> [Required work]
Among the entries below, copy only the span from the line containing "Grundrissplan zeigt die" through the line containing "Reflecţii academice asupra". Do so exactly, and skip the pictures.

> [Information given]
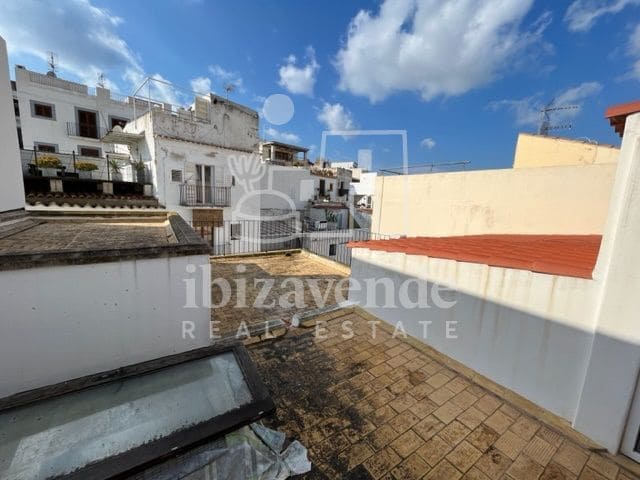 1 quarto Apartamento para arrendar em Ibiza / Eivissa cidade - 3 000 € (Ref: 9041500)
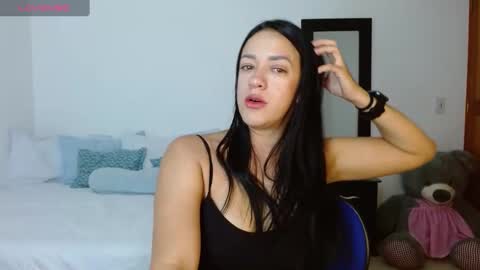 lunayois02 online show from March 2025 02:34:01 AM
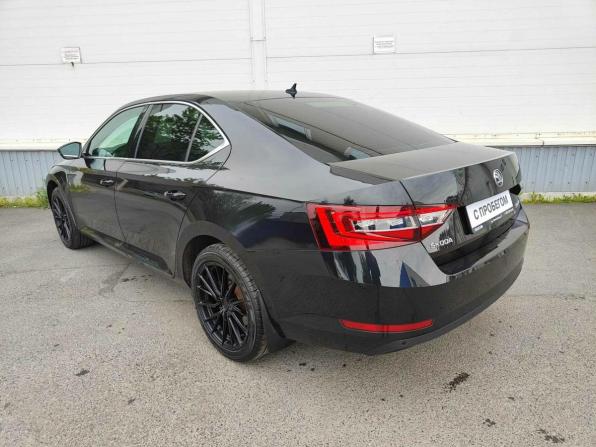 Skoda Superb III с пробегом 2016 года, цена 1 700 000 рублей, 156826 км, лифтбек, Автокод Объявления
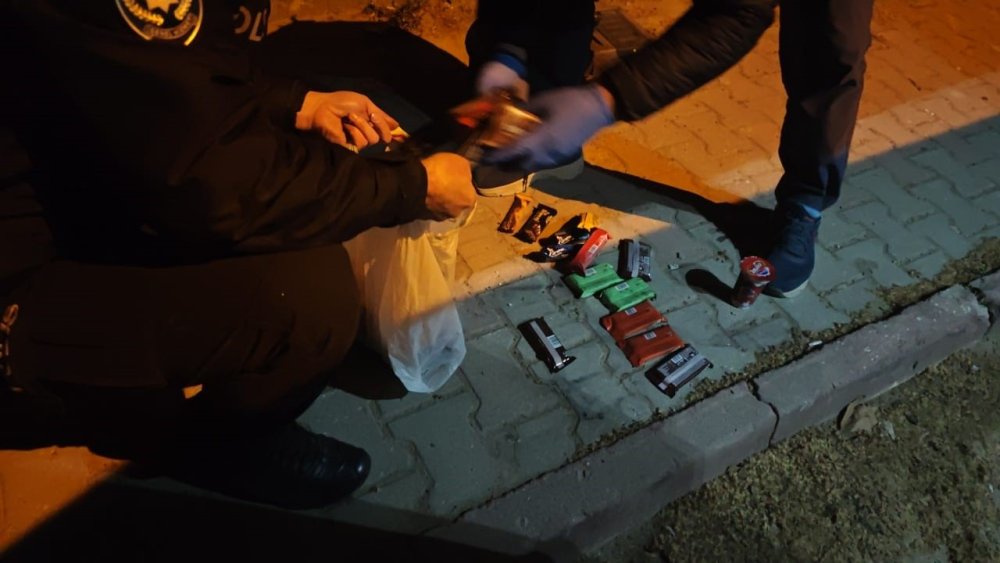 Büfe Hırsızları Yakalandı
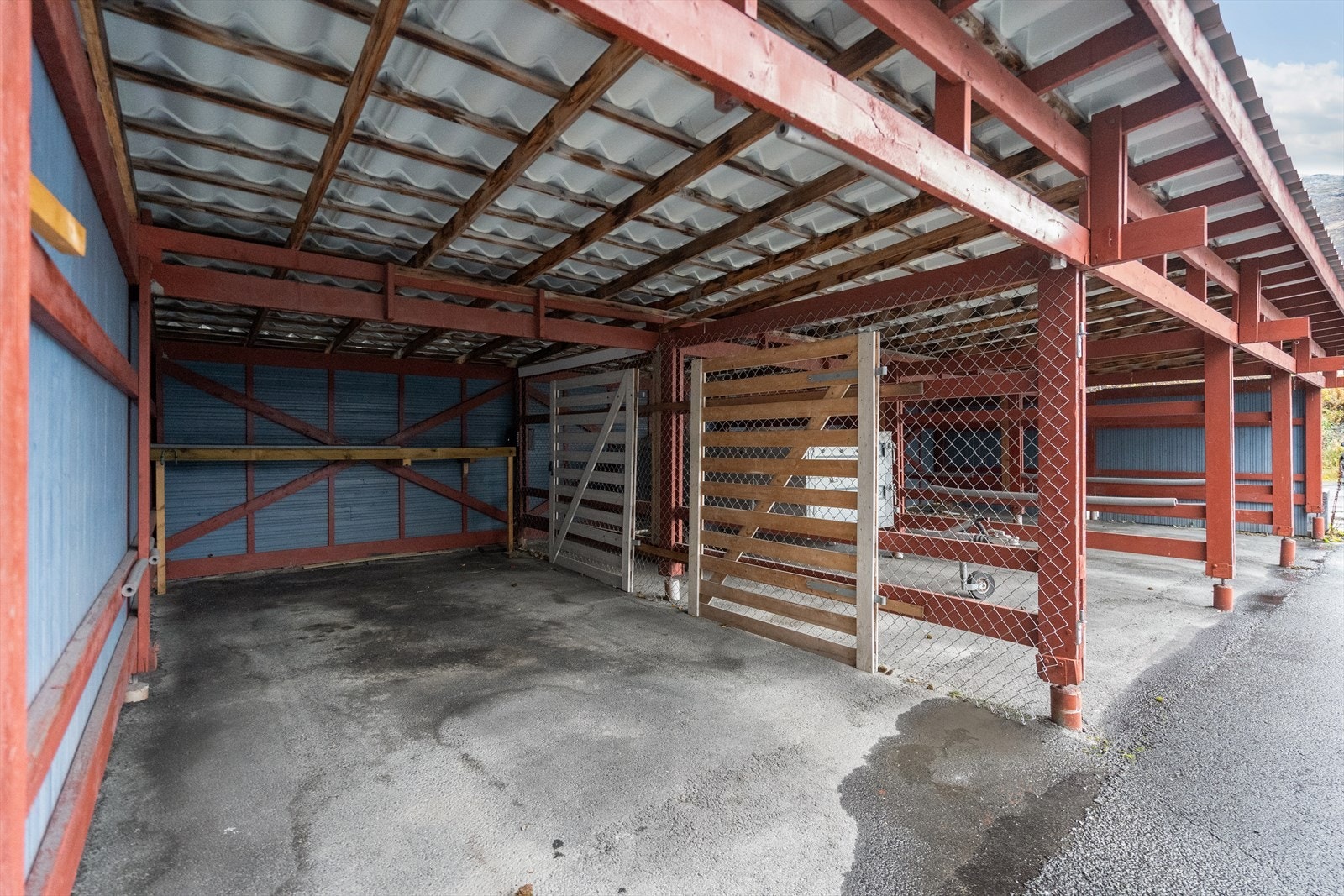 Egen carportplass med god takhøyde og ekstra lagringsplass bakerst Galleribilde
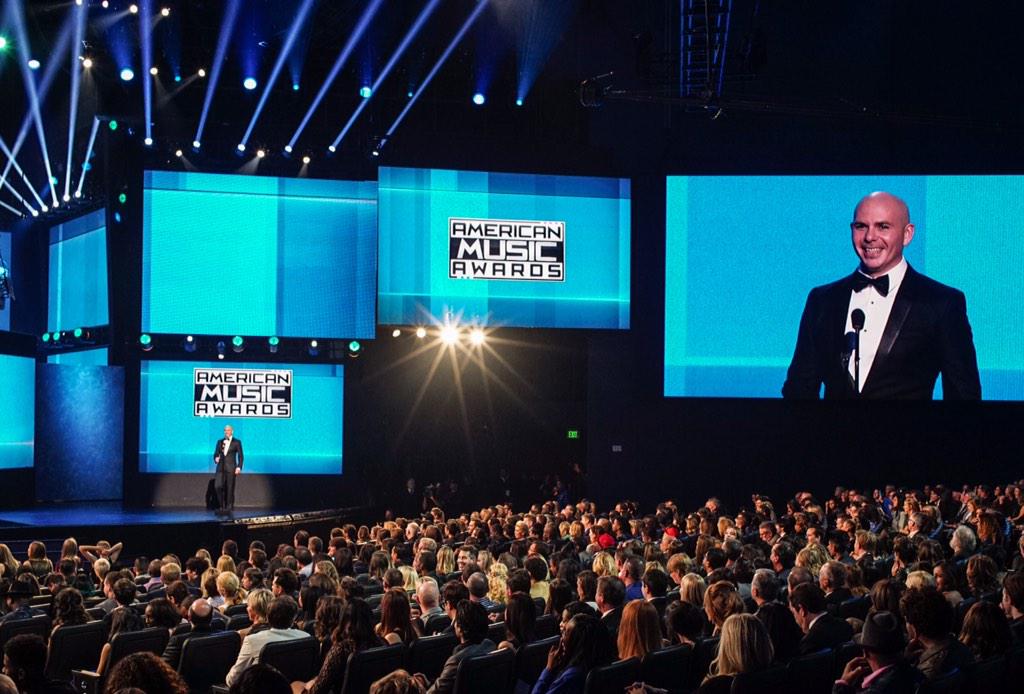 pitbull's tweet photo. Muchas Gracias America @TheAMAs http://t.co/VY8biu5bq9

---

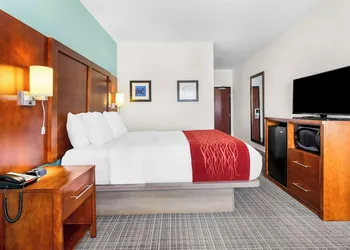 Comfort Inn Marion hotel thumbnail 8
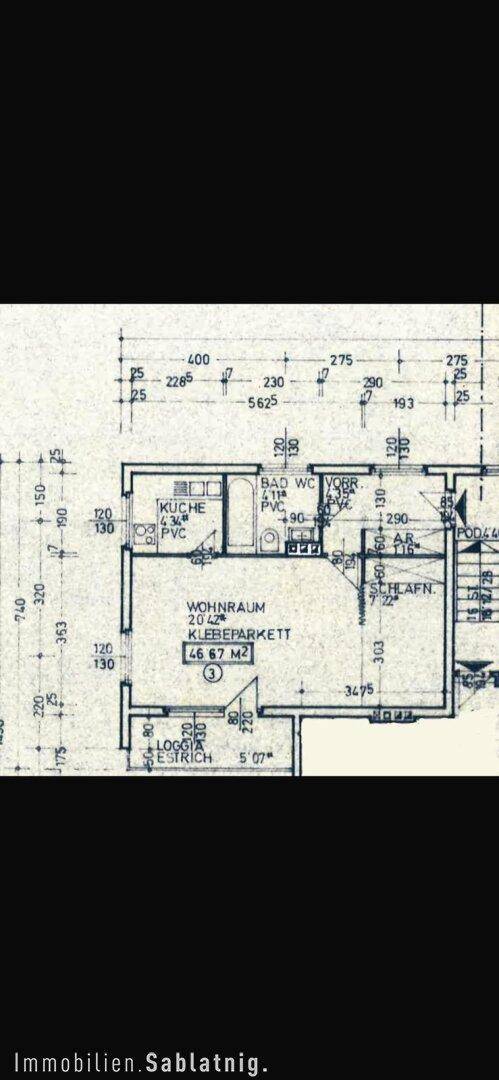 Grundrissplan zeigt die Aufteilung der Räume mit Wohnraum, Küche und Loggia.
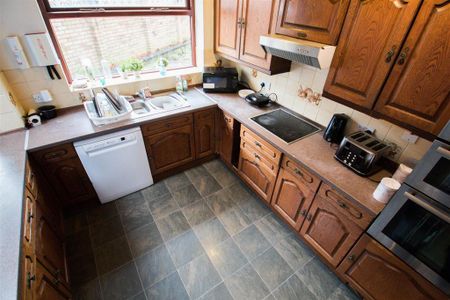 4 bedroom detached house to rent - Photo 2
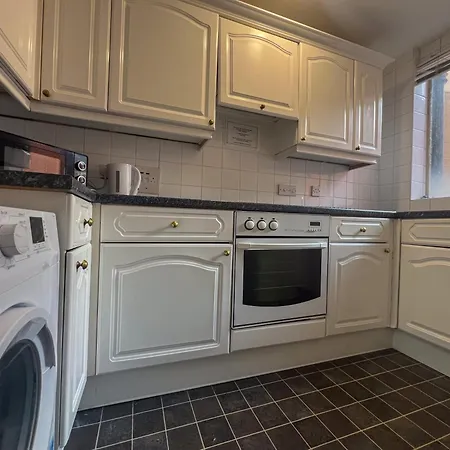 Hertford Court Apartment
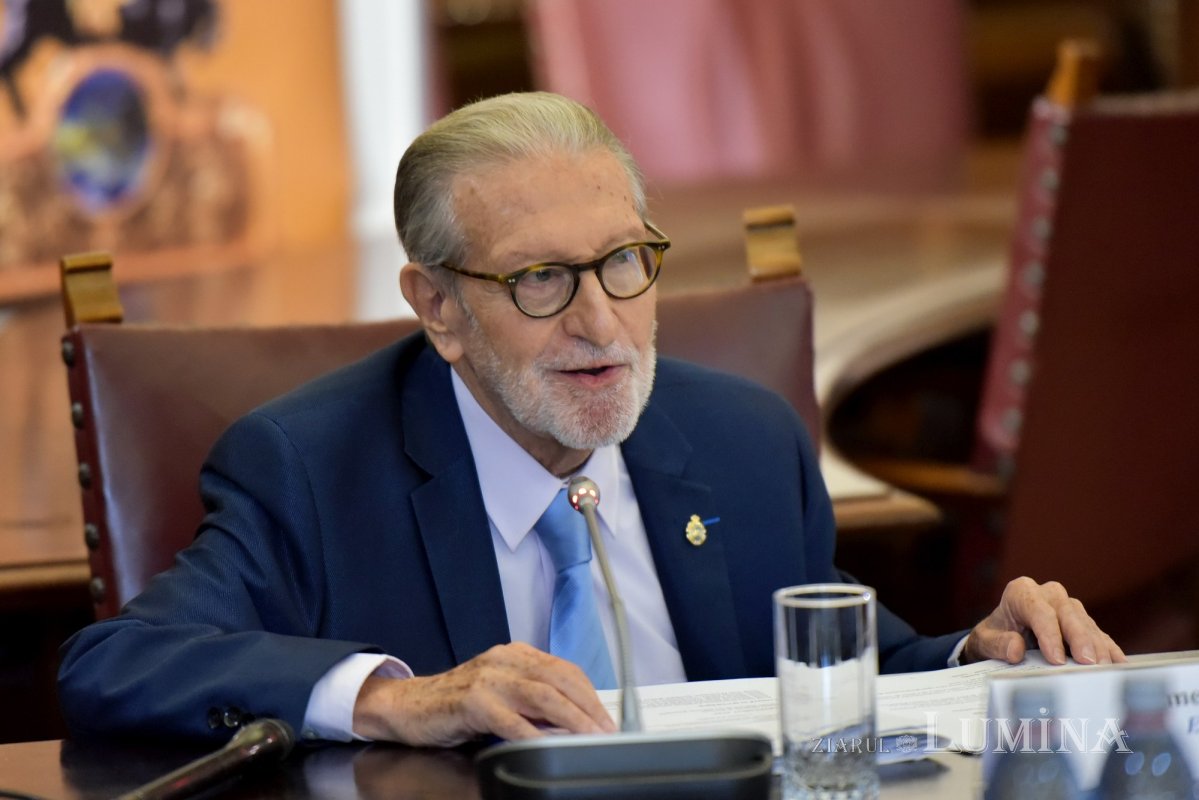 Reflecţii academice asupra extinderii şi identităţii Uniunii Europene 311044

...

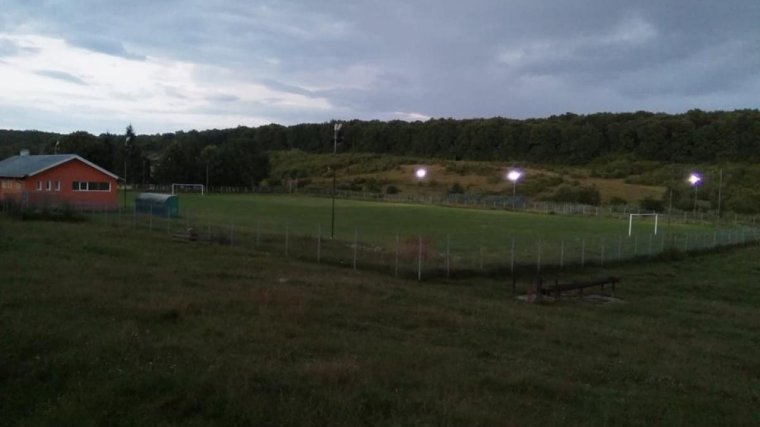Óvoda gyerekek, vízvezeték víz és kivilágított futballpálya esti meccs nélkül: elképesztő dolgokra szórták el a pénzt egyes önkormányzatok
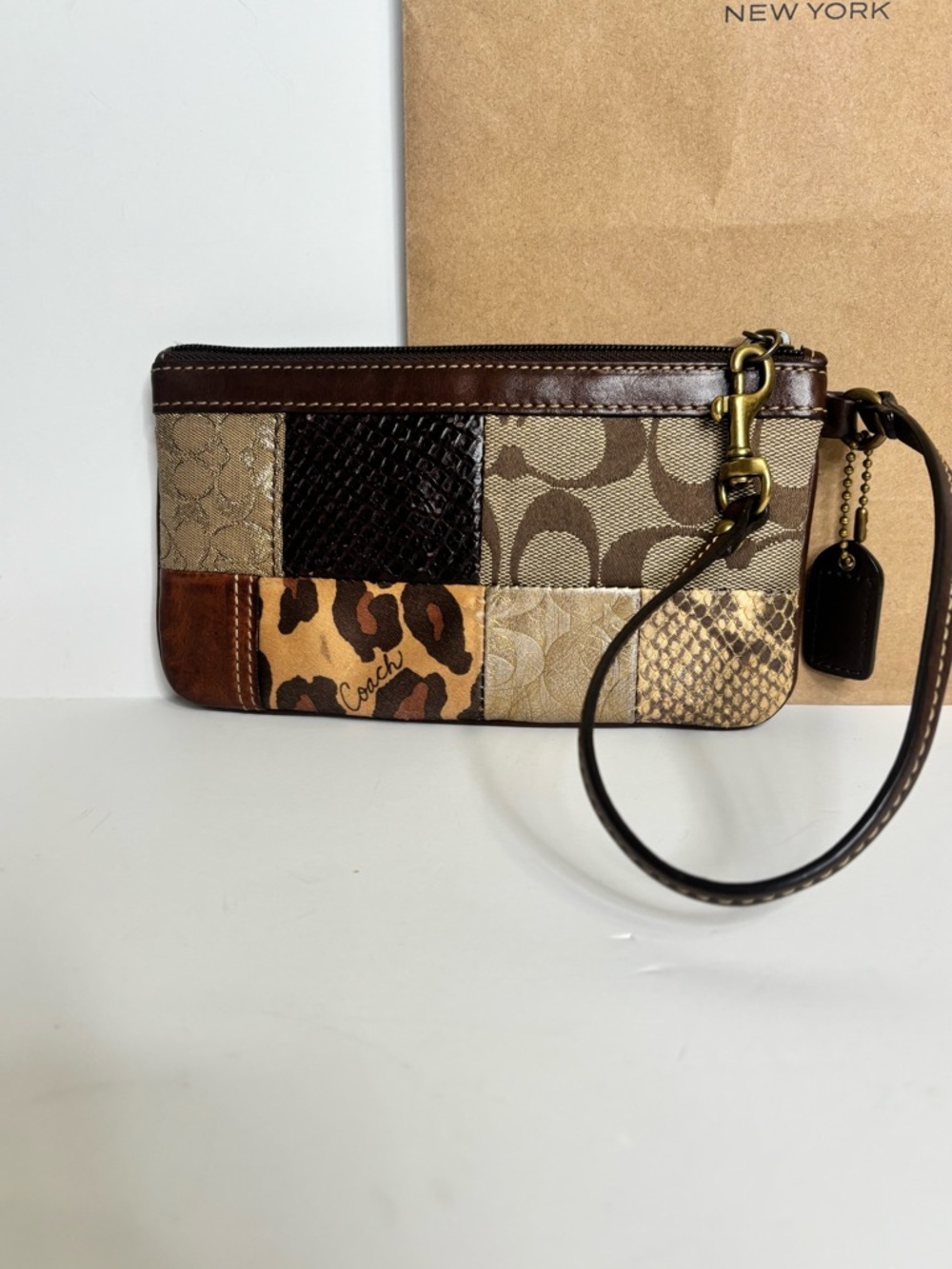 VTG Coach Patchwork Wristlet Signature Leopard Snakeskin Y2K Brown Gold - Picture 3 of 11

> [Answer section]
 Grundrissplan zeigt die Aufteilung der Räume mit Wohnraum, Küche und Loggia.
 4 bedroom detached house to rent - Photo 2
 Hertford Court Apartment
 Reflecţii academice asupra extinderii şi identităţii Uniunii Europene 311044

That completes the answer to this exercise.